台風後に起こる天井の水漏れ原因
台風が過ぎ去り、一安心したのも束の間、「あれ?天井にシミが…」と気づくことはありませんか?
台風の強い雨や風は、普段は問題にならないような建物の小さな隙間や劣化箇所を、あっという間に弱らせてしまいます。台風後に起こる天井の水漏れは、その多くが**「雨漏り」**です。

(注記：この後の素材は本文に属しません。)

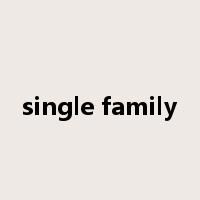 single family是什么意思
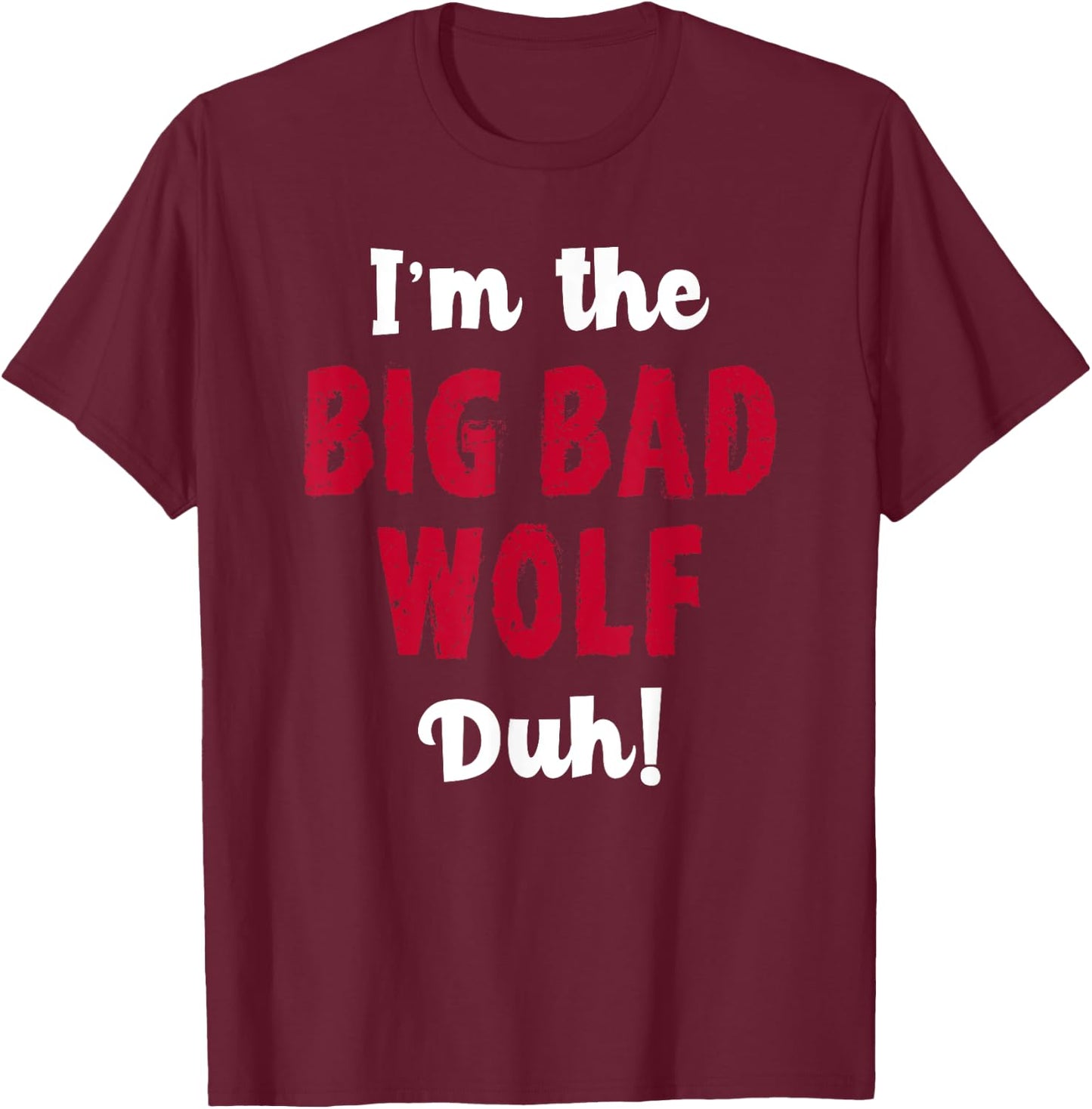 Big Bad Wolf Costume Shirt Halloween - Duh! Funny T-Shirt - T-Shirt | Maroon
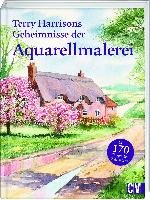 Terry Harrisons Geheimnisse der Aquarellmalerei Harrison Terry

ここでは、台風後に雨漏りが起こる原因と、その兆候について詳しく解説します。
1. なぜ台風の時だけ雨漏りするの?
普段の雨では問題ないのに、なぜ台風の時だけ雨漏りが起こるのでしょうか?その原因は、台風特有の「強い風」と「大量の雨」にあります。
横殴りの雨と吹き上げる風
建物の屋根や外壁は、基本的に「上から降る雨」を想定して作られています。しかし、台風の強い風は、雨を横から、さらには下から吹き上げることがあります。
普段は雨が当たらないような屋根の軒先や換気口、窓の隙間などに雨水が入り込み、雨漏りの原因になります。
短時間で降る大量の雨
台風は、短時間で非常に多くの雨を降らせます。この大量の雨が、屋根やベランダの排水口(ドレン)の排水能力を超えてしまい、水が溢れて建物内部に浸入することがあります。

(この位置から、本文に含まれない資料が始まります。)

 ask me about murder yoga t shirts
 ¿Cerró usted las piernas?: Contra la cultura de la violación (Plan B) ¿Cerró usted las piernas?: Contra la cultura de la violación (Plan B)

落ち葉やゴミなどで排水口が詰まっていると、さらに水が溜まりやすくなります。
2. 台風後に水漏れが起こる場所と原因
台風後、特に雨漏りが起こりやすい場所と、その原因を見ていきましょう。
(1) 屋根
台風の強風で、屋根材が直接被害を受けることがあります。
瓦のズレ・割れ:
強い風で瓦が飛ばされたり、ズレたり、割れたりして、その隙間から雨水が浸入します。
棟板金(むねばんきん)の浮き・剥がれ:
屋根の頂上にある金属板(棟板金)を固定している釘が緩んだり、強風で浮いたり剥がれたりすると、そこから雨水が入り込みます。
防水シート(ルーフィング)の劣化:
屋根材の下には、防水シートが敷かれています。しかし、経年劣化や施工不良で穴が開いたりすると、屋根材の下に入った雨水がそのまま建物内部に侵入してしまいます。
(2) 外壁
外壁もまた、雨漏りの原因となりやすい場所です。
外壁のひび割れ(クラック):
台風の風圧や飛来物で外壁にひび割れができると、そこから雨水が浸入し、内部を伝って天井から染み出すことがあります。
シーリング(コーキング)の劣化:
外壁の継ぎ目や窓の周りに使われている防水材(シーリング材)が、紫外線や経年劣化でひび割れたり、剥がれたりすると、そこから水が入り込んでしまいます。
(3) ベランダ・バルコニー
防水層の劣化:
ベランダの床面の防水層が劣化して、ひび割れたり剥がれたりすると、下の階の天井に水漏れを引き起こすことがあります。
排水口の詰まり:
落ち葉やゴミが排水口を詰まらせ、水が溜まってしまうと、防水層の隙間から水が浸入しやすくなります。
(4) 窓・換気口・換気扇
サッシの隙間:
窓のサッシと壁の間のシーリングが劣化していたり、窓枠自体に隙間ができたりすると、横殴りの雨が吹き込んで水漏れにつながることがあります。
換気口・換気扇ダクトの隙間:
外壁の換気口や換気扇ダクト周りのシーリングが劣化していると、雨水が侵入し、天井や壁の内部を伝って水漏れを引き起こすことがあります。
3. もし台風後に水漏れに気づいたら
「台風が過ぎてしばらく経ってから、天井のシミに気づいた」というケースも少なくありません。これは、水が建物内部を伝ってゆっくりと染み出してくるためです。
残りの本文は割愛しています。